WORK REQUIRED:
The full set of entries, reproduced exactly, is the expected answer.
═══ RECORDED INFORMATION ═══
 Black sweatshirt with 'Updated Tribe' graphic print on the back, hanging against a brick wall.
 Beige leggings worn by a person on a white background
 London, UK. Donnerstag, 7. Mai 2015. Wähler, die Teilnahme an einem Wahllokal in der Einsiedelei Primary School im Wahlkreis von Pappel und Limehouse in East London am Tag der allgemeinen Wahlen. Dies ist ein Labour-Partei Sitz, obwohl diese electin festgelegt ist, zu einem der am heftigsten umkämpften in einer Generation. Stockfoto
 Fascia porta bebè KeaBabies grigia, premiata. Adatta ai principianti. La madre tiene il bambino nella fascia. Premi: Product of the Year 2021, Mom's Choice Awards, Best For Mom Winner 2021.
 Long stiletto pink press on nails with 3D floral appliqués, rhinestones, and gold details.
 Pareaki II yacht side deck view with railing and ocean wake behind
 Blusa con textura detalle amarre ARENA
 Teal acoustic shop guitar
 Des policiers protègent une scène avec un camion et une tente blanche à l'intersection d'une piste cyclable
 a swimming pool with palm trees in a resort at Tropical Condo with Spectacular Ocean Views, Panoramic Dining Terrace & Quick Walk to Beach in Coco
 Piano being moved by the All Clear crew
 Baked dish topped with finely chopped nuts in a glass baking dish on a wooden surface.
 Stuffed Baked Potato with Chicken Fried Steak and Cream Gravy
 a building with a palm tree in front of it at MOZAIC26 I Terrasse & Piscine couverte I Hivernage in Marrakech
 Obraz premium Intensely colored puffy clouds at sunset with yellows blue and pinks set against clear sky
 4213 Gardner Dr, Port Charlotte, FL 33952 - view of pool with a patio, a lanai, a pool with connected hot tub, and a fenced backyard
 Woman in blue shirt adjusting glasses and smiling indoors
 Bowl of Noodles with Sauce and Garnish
═══
ANSWER FOR THIS EXERCISE:
 Black sweatshirt with 'Updated Tribe' graphic print on the back, hanging against a brick wall.
 Beige leggings worn by a person on a white background
 London, UK. Donnerstag, 7. Mai 2015. Wähler, die Teilnahme an einem Wahllokal in der Einsiedelei Primary School im Wahlkreis von Pappel und Limehouse in East London am Tag der allgemeinen Wahlen. Dies ist ein Labour-Partei Sitz, obwohl diese electin festgelegt ist, zu einem der am heftigsten umkämpften in einer Generation. Stockfoto
 Fascia porta bebè KeaBabies grigia, premiata. Adatta ai principianti. La madre tiene il bambino nella fascia. Premi: Product of the Year 2021, Mom's Choice Awards, Best For Mom Winner 2021.
 Long stiletto pink press on nails with 3D floral appliqués, rhinestones, and gold details.
 Pareaki II yacht side deck view with railing and ocean wake behind
 Blusa con textura detalle amarre ARENA
 Teal acoustic shop guitar
 Des policiers protègent une scène avec un camion et une tente blanche à l'intersection d'une piste cyclable
 a swimming pool with palm trees in a resort at Tropical Condo with Spectacular Ocean Views, Panoramic Dining Terrace & Quick Walk to Beach in Coco
 Piano being moved by the All Clear crew
 Baked dish topped with finely chopped nuts in a glass baking dish on a wooden surface.
 Stuffed Baked Potato with Chicken Fried Steak and Cream Gravy
 a building with a palm tree in front of it at MOZAIC26 I Terrasse & Piscine couverte I Hivernage in Marrakech
 Obraz premium Intensely colored puffy clouds at sunset with yellows blue and pinks set against clear sky
 4213 Gardner Dr, Port Charlotte, FL 33952 - view of pool with a patio, a lanai, a pool with connected hot tub, and a fenced backyard
 Woman in blue shirt adjusting glasses and smiling indoors
 Bowl of Noodles with Sauce and Garnish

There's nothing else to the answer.